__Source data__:
□ □ □ □ □
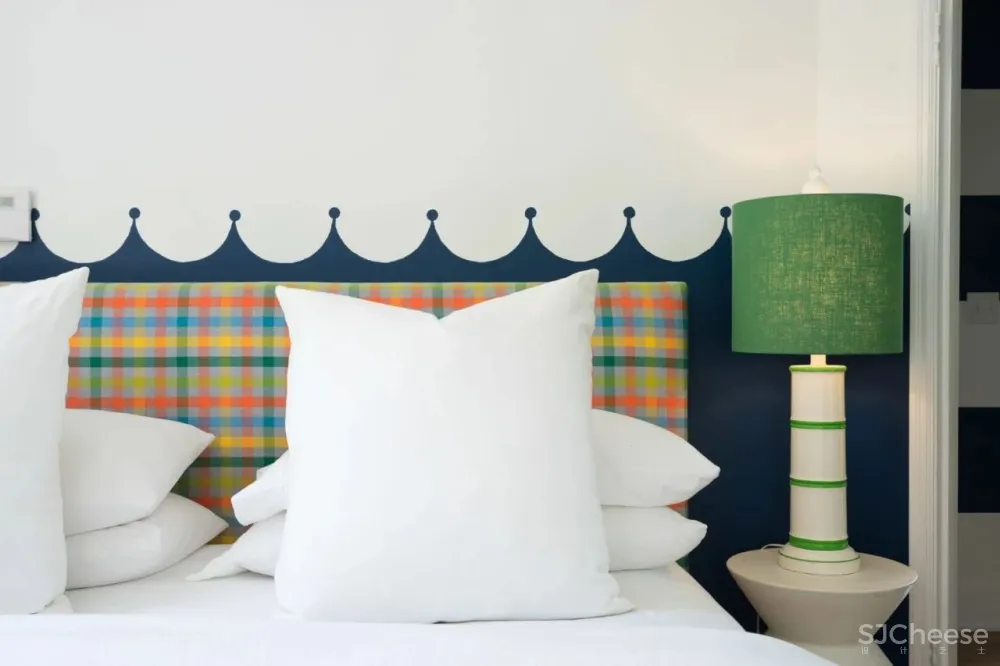 心真大!靠照片租房,结果悲剧了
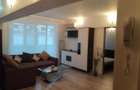 Apartament 2 camere Calea Victoriei - 1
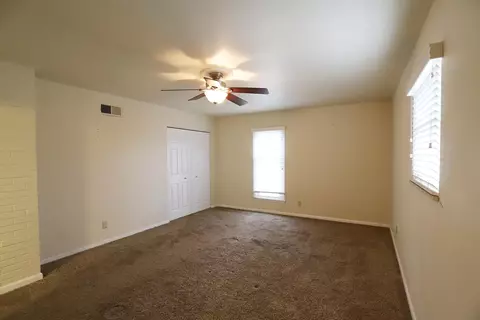 Other - 2111 Hermitage, Davison, MI 48423 photo 6 of 11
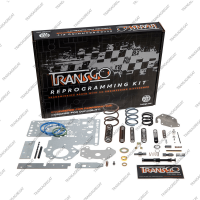 Ремкомплект для тюнинга (Reprogramming Kit)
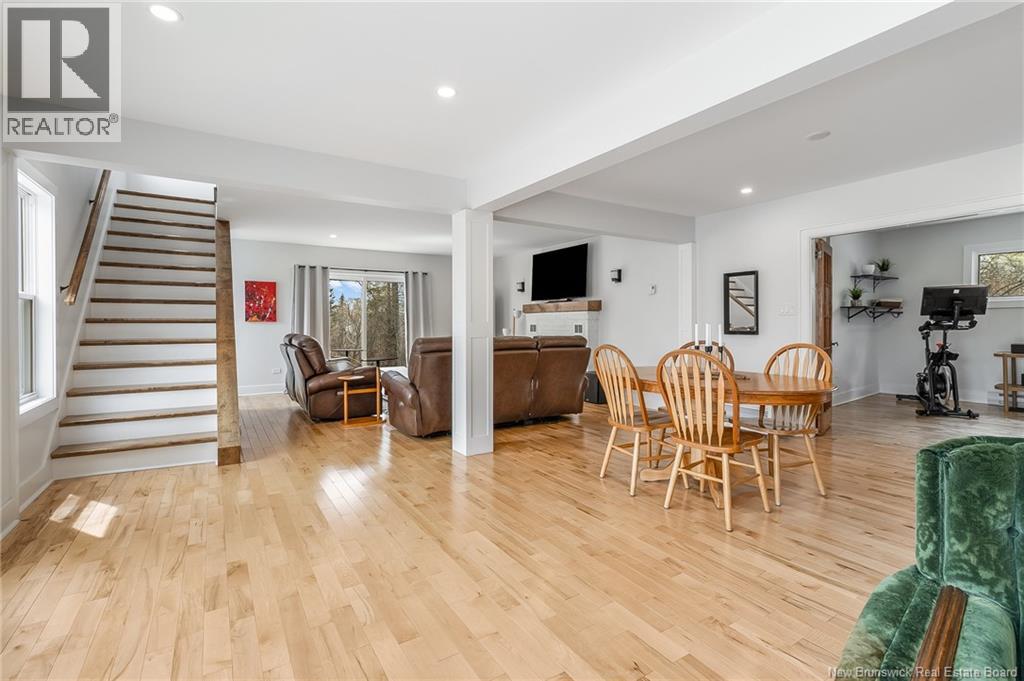 180 Preston Drive - 8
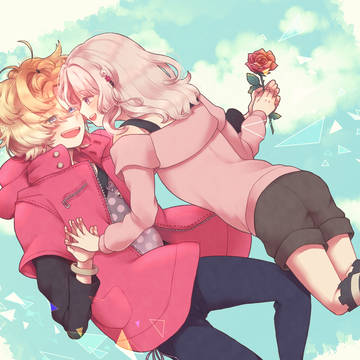 ◆◇◆◇
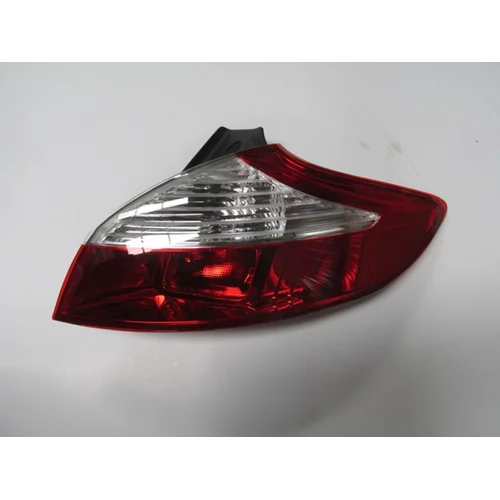 https://www.api.biz.tr, 265500007R Megane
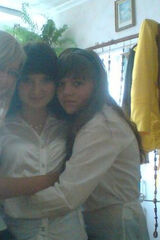 Фото користувача pAatka1012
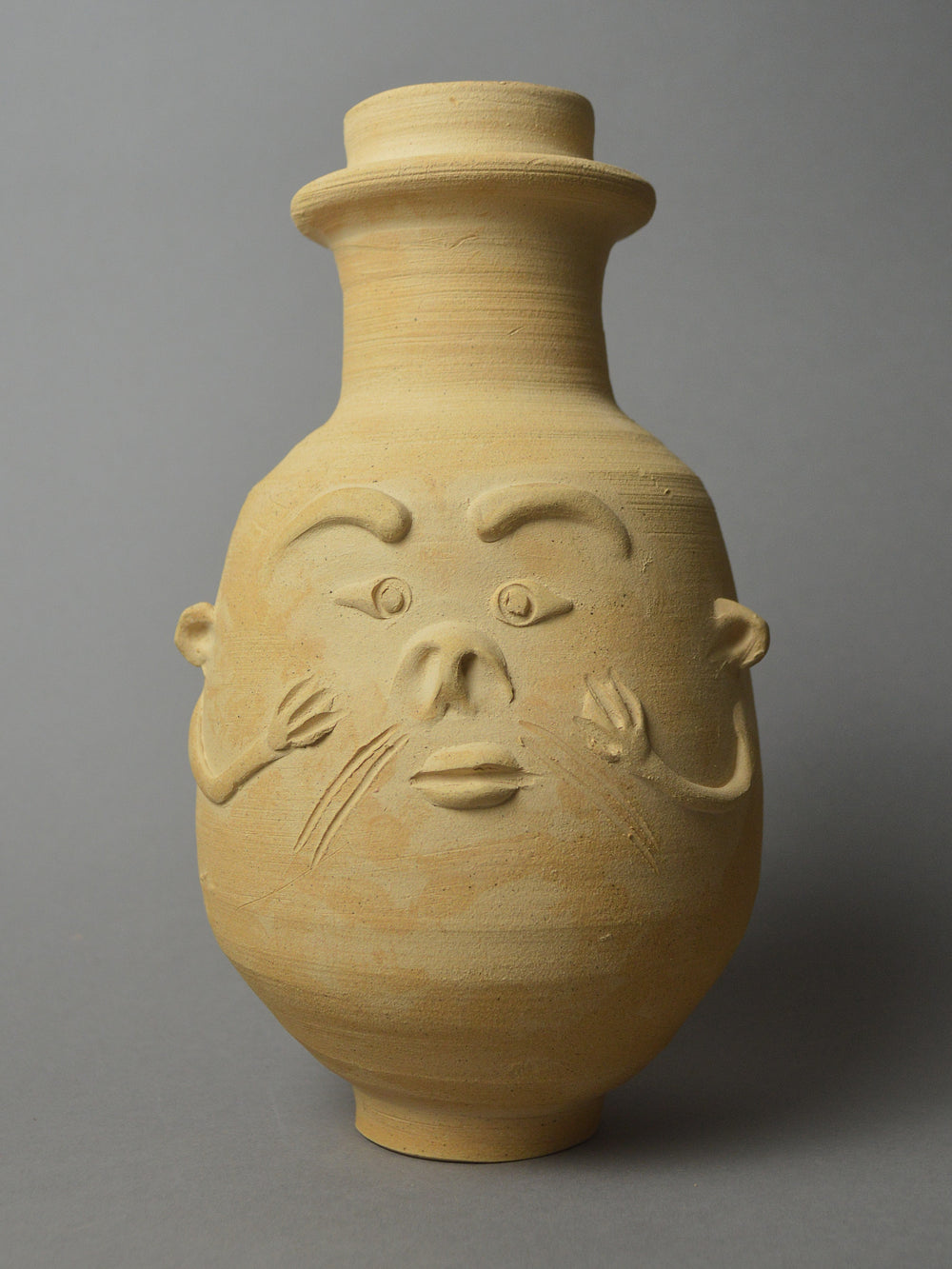 Bes Pot, Late Period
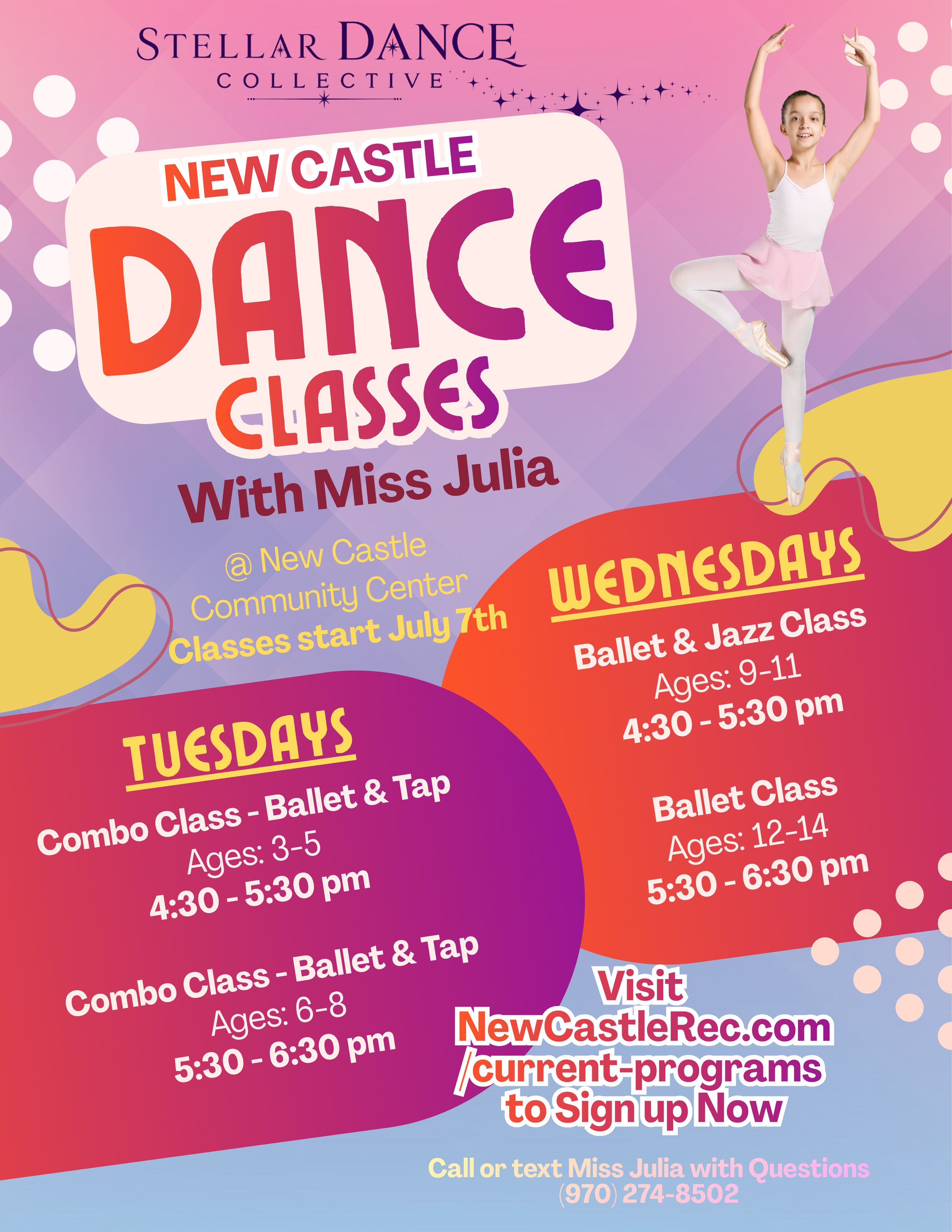 New Castle Flyer.png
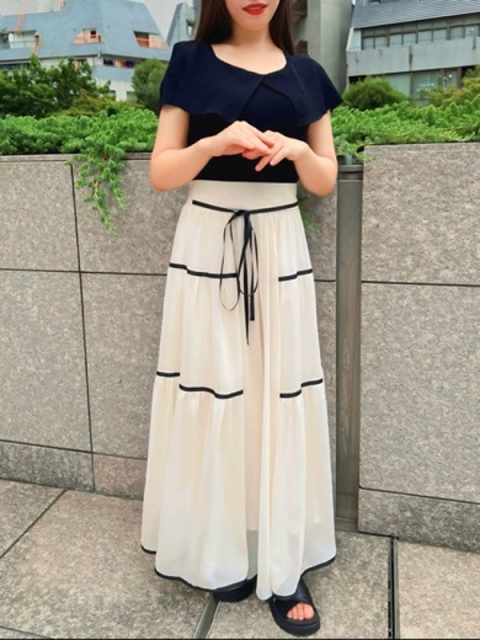 渋谷風俗・渋谷デリヘル【渋谷エオス】東京ホテヘル・人妻デリバリーヘルス 小川みやび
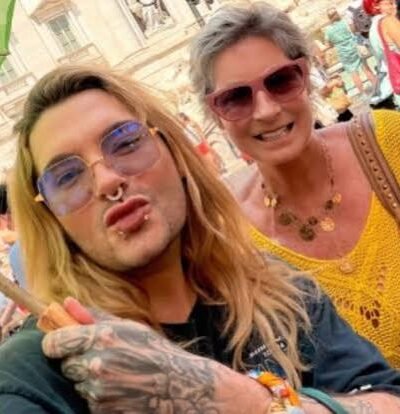 bill und tom kaulitz eltern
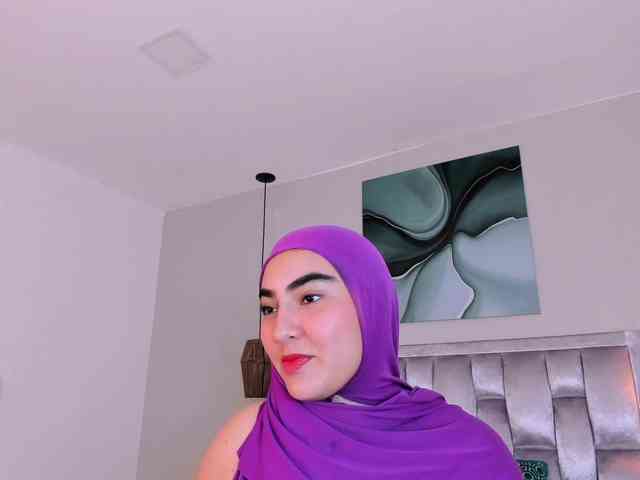 Malika-Noor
□ □ □ □ □
__What is being asked__: All entries above are to be set down word for word, and the pictures are to be left out.

__Problem solution__:
 心真大!靠照片租房,结果悲剧了
 Apartament 2 camere Calea Victoriei - 1
 Other - 2111 Hermitage, Davison, MI 48423 photo 6 of 11
 Ремкомплект для тюнинга (Reprogramming Kit)
 180 Preston Drive - 8
 ◆◇◆◇
 https://www.api.biz.tr, 265500007R Megane
 Фото користувача pAatka1012
 Bes Pot, Late Period
 New Castle Flyer.png
 渋谷風俗・渋谷デリヘル【渋谷エオス】東京ホテヘル・人妻デリバリーヘルス 小川みやび
 bill und tom kaulitz eltern
 Malika-Noor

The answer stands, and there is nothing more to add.